The vocabularies are: Sequence Ontology (SO), In-House (term add to the GDR/CottonGen internal vocabularies).
Tables with an asterisk (*) are custom tables.
Figure 3Schematic diagram of how stocks are stored in Chado. Hierarchical stocks, from samples, cultivars to population are stored in samples and their relationship including pedigree are stored in stock_relationship table. The bold red fields represent foreign keys to the cvterm table which houses vocabulary terms. Boxes in dark green represents the modules of Chado represented in this diagram.

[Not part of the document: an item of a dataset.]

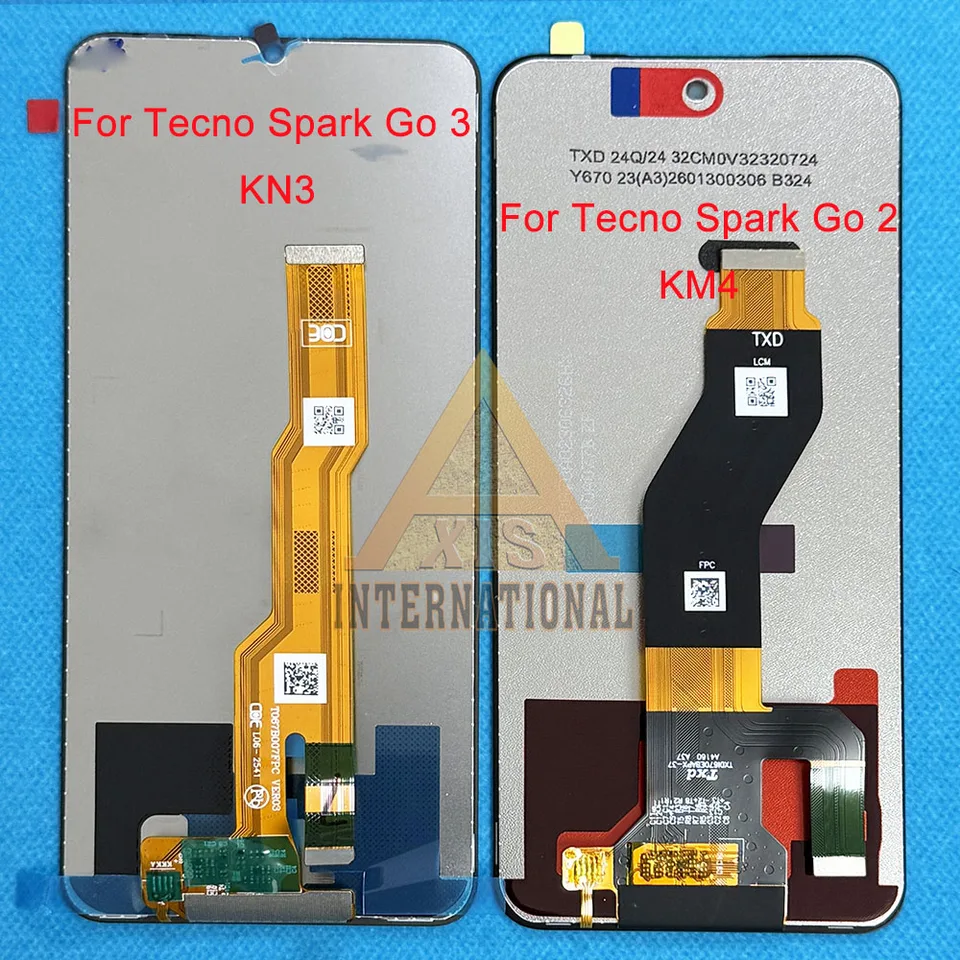 Original For Infinix Tecno Spark Go 2024 BG6 LCD Frame For Spark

Figure 4Schematic diagram of how phenotypic data are stored in Chado. Datasets, such as passport data and cross data, which do not have associated phenotypic or genotypic data can also be stored in the nd_experiment table and linked to the stock table. The bold red fields represent foreign keys to the cvterm table which houses vocabulary terms. Boxes in dark green represents the modules of Chado represented in this diagram.
Figure 5Schematic diagram of how coded phenotypic values are stored in Chado. The same data can be stored in two different code system to enable comparison among datasets. The bold red fields represent foreign keys to the cvterm table which houses vocabulary terms. Boxes in dark green represents the modules of Chado represented in this diagram.

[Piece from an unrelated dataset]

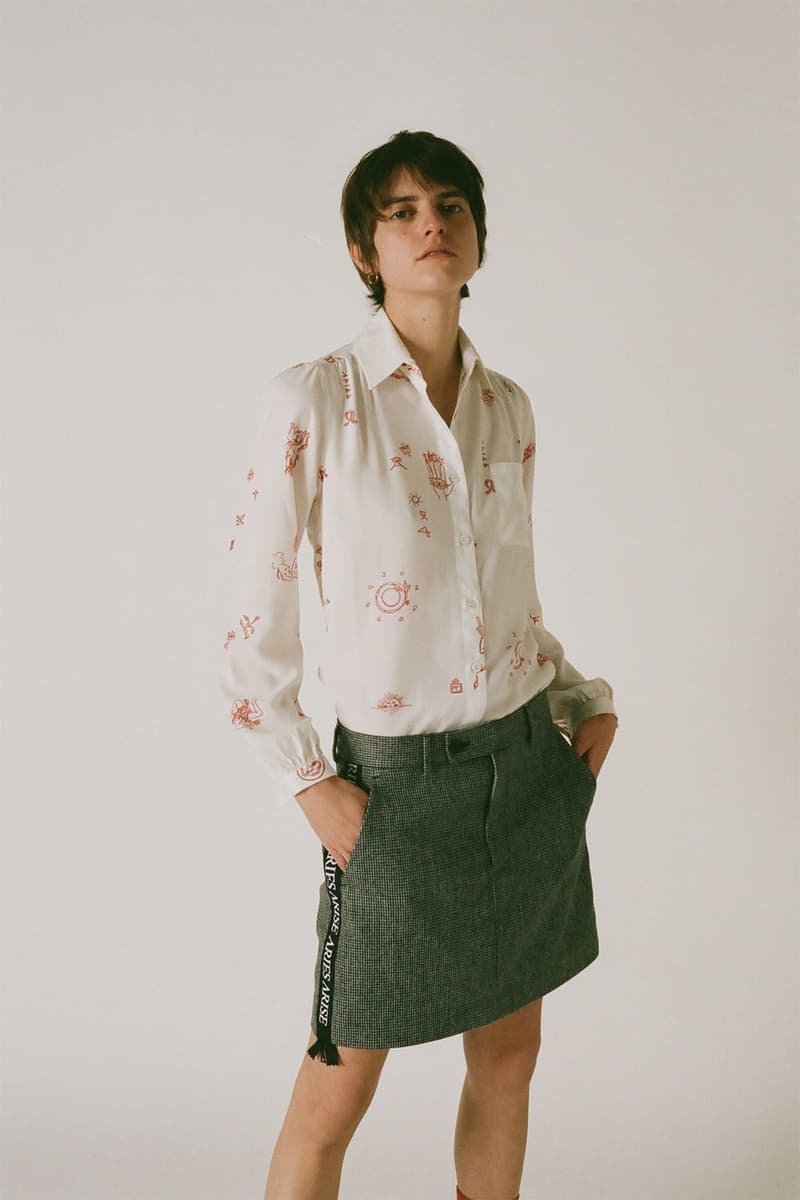 Aries Fall Winter 2021 FW21 Collection Lookbook Shirt Skirt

Figure 6Schematic diagram of how genotypic data are stored in Chado. The bold red fields represent foreign keys to the cvterm table which houses vocabulary terms. Boxes in dark green represents the modules of Chado represented in this diagram.
Figure 7Schematic diagram of how relationship between genotype and phenotype is stored in Chado. The bold red fields represent foreign keys to the cvterm table which houses vocabulary terms. Boxes in dark green represents the modules of Chado represented in this diagram.